The cousin of a murderer on the run said he had threatened to walk out of prison after delays in his release.

Police are searching for Derek Passmore, who was serving a life sentence after he killed a man in Hampton in October 1996.

The 48-year-old, formerly of Robin Hood Lane, Kingston, left Ford Prison in Sussex on day release on Saturday, June 22, and has not been seen since.

Passmore’s cousin, John Burgess, said he last saw him about 10 weeks ago and that he was frustrated with the lack of progress in the parole process.

Mr Burgess said: “He was always complaining about the probation service and was due for a parole hearing. They weren’t listening.

“I am 100 per cent he told me that if it doesn’t change he would go.”

Mr Burgess said for the past two years Passmore had been allowed out of the category D open prison for eight days a month and said he thought he had completed his sentence.
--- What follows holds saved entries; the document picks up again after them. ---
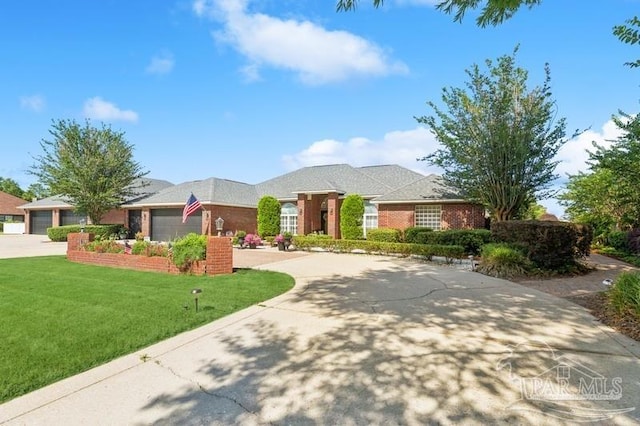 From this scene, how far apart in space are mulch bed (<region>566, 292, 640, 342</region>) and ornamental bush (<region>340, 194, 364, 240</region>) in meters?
13.7

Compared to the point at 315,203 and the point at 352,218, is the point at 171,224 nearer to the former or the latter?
the point at 315,203

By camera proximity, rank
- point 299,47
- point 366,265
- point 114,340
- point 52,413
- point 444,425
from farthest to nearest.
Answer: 1. point 366,265
2. point 299,47
3. point 114,340
4. point 52,413
5. point 444,425

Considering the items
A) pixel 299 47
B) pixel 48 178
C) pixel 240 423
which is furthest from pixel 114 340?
pixel 48 178

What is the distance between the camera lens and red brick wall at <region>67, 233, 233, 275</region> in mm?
9812

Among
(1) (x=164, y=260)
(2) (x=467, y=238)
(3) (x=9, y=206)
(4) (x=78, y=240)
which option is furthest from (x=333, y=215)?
(3) (x=9, y=206)

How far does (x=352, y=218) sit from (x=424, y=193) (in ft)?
14.6

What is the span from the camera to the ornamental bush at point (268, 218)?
77.4 feet

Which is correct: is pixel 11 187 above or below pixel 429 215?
above

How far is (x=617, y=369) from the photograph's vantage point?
3783 millimetres

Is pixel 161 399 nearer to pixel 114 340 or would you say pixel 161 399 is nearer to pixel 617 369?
pixel 114 340

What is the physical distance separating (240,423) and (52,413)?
177 cm

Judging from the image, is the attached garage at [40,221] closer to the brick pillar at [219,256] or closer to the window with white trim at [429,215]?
the brick pillar at [219,256]

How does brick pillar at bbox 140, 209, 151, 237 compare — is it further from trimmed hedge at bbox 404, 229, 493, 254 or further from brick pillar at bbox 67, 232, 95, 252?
trimmed hedge at bbox 404, 229, 493, 254

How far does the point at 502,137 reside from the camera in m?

He said: “To get out every time you have to go before a committee.

“These people have so much influence over your life as a prisoner if they take a dislike to you, that’s it.
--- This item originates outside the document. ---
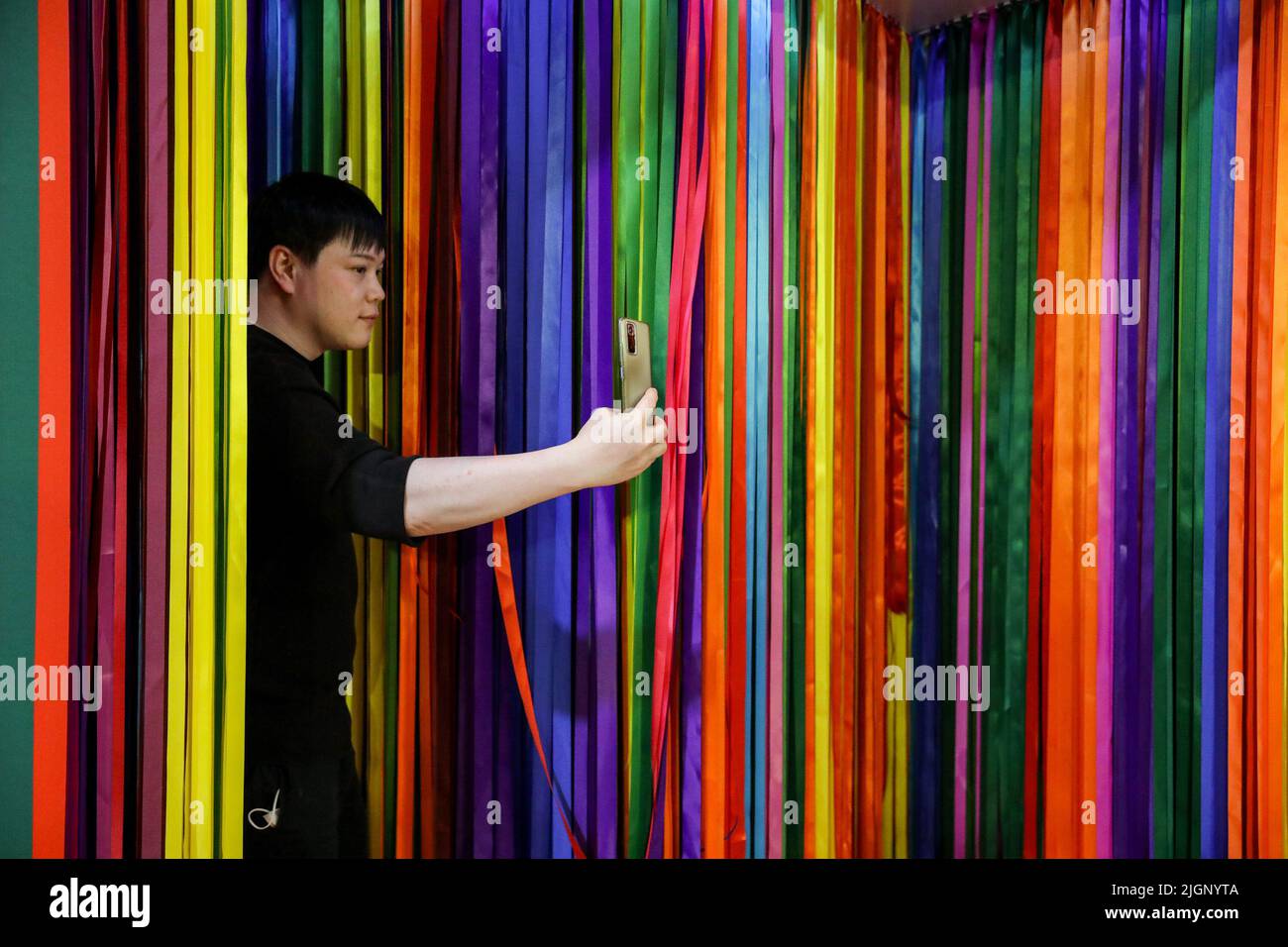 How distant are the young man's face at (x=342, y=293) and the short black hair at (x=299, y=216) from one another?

“He was getting to be a bit of an embarrassment for them because you are meant to be in open prison for two years. He was there for three years.”
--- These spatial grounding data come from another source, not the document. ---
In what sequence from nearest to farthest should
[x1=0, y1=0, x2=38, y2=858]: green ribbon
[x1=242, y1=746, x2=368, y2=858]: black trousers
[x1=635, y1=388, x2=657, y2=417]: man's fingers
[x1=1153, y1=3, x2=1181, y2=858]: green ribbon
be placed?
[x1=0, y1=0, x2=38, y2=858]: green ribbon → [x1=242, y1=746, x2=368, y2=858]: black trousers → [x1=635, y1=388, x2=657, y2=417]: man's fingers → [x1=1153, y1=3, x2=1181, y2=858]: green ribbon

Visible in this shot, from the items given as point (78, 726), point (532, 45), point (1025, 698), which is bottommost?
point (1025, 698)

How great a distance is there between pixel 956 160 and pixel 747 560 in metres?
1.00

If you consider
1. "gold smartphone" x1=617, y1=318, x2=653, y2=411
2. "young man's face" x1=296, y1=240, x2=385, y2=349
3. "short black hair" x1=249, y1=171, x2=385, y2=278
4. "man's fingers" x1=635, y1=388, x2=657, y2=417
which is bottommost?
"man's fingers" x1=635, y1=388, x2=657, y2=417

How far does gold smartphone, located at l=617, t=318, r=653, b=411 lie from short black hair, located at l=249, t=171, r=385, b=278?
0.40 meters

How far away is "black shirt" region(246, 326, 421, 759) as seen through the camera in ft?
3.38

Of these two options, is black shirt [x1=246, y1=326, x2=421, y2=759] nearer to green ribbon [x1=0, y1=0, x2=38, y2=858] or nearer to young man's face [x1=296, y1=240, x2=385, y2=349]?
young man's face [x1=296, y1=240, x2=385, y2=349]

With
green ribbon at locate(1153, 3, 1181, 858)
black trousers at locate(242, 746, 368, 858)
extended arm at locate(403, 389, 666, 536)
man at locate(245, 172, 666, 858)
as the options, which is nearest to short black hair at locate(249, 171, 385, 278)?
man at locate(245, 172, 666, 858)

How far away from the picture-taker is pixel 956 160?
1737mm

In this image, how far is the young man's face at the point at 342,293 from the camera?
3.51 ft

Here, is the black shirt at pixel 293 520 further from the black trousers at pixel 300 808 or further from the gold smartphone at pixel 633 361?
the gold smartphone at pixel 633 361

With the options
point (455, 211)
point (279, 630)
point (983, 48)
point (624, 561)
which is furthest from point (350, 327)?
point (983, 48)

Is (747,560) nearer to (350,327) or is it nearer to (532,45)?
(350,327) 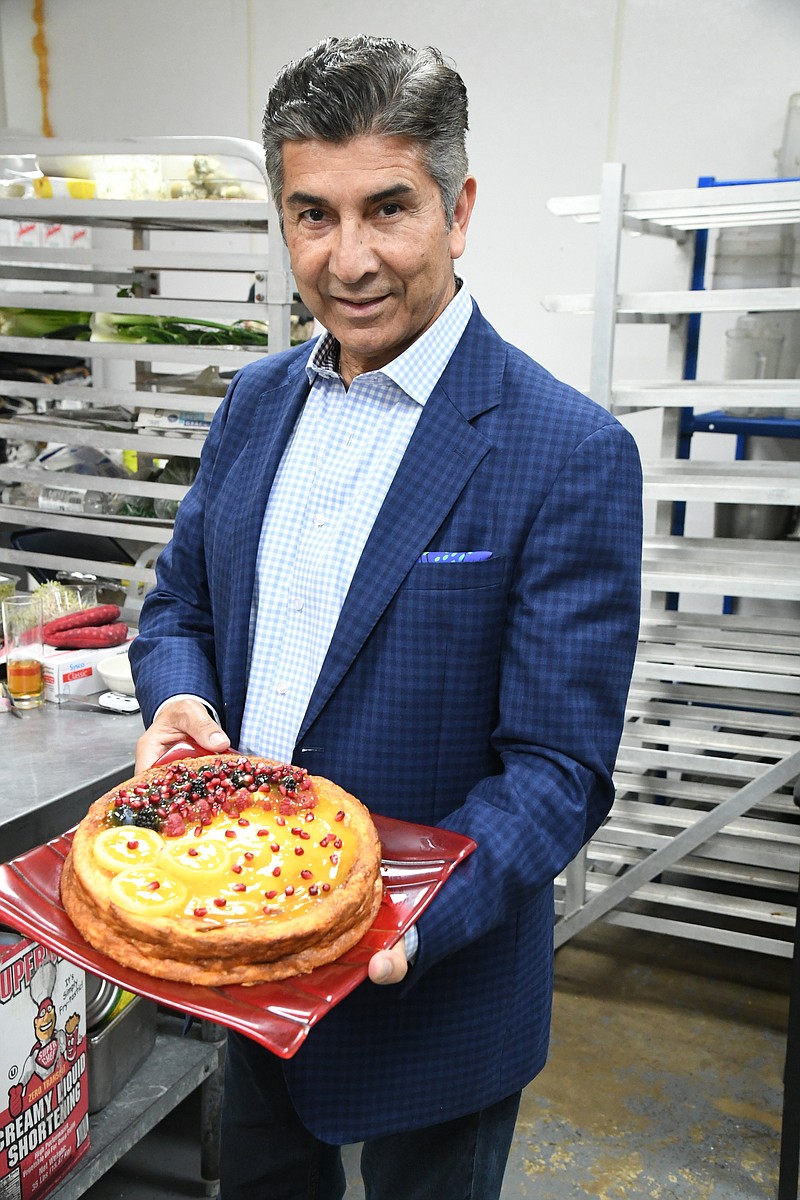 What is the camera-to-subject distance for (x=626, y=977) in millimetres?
3367

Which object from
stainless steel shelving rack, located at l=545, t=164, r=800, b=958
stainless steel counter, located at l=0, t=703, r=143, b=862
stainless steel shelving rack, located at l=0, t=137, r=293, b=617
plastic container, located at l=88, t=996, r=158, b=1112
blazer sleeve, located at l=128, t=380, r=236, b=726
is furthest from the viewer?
stainless steel shelving rack, located at l=0, t=137, r=293, b=617

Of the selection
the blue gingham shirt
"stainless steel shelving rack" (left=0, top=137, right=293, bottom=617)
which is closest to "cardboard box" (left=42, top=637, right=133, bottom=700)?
"stainless steel shelving rack" (left=0, top=137, right=293, bottom=617)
Independent Monitoring Board member Charles Pinner said prisoners frustrated by delays in their release date caused by bureaucracy were tempted to walk.

He said: “It happens when administration gets behind.”

An ex-official of the national Parole Board said last year there was a risk of jail disturbances and compensation claims due to delays in assessing inmates for release.

Sir David Latham said: "There is an obligation under the European Convention for Human Rights for a person to have his release considered within a proper time limit, and if that time limit is exceeded he is entitled to ask the courts for damages.”

This week police appealed for help in tracking down a second murderer who walked out of Ford Prison.

Paul Flint, 48, a convicted murderer and burglar, absconded July 1 and police believe he could have committed three burglaries in Brighton and Hove since.

In June 2012 Flint went on the run from Hollesley Bay prison in Suffolk while on day release and was recaptured six days later at his brother’s home in Bristol.

Ford Prison’s “lax security” was exposed in 2011 when a Sun journalist broke in and chatted to inmates as they drank vodka and brandy, smoked cannabis and texted on illicit mobile phones.

The newspaper said the break in “illustrated perfectly the woeful level of security” just weeks after masked prisoners went on a New Year’s Day drunken, drug-fuelled rampage and torched buildings, causing £5m of damage.

A Ministry of Justice Spokesman said: “The level of absconding from open prisons in 2012/13 was the second lowest since records began.

“Absconds are still 13 per cent lower under this Government. We are not complacent about this issue and are looking at ways in which the risk of absconding can be reduced further.

“We are committed to ensuring that risk to the public is minimised. All those located in open conditions have been rigorously risk assessed and categorised as being of low risk to the public.”

  • Passmore is 6ft 1in, stocky, with brown hair and hazel eyes, and had a goatee beard when he was last seen.

Police said he was “not currently assessed as a direct physical threat to the public” and had connections in Twickenham, Sutton, Kingston, and Maidstone.

It is not clear whether he absconded from the prison grounds or failed to return from a trip out of the prison. Offenders are given time out of the prison to prepare for the return to civilian life.

Passmore beat to death Paul Craig, 34, who was crippled was arthritis, in Hampton in October 1996, after erroneously deciding Mr Craig was seeing his estranged girlfriend.

According to newspaper reports at the time, Mr Craig, an unemployed bachelor from Fulton Close, Hampton, was viciously beaten and left dying in Starling Walk, just 10 minutes from his home.

At his sentencing in 1997, Passmore was told he would spend at least 14 years behind bars but, at a review at the Royal Courts of Justice later that year, a judge decided to reduce the minimum time to 11 years.

Anyone who sees Passmore, or who knows where he may be, is asked not to approach him but to contact 101 quoting Sussex Police Serial 1532 of 22/6.

You can also call independent charity Crimestoppers anonymously on 0800 555 111.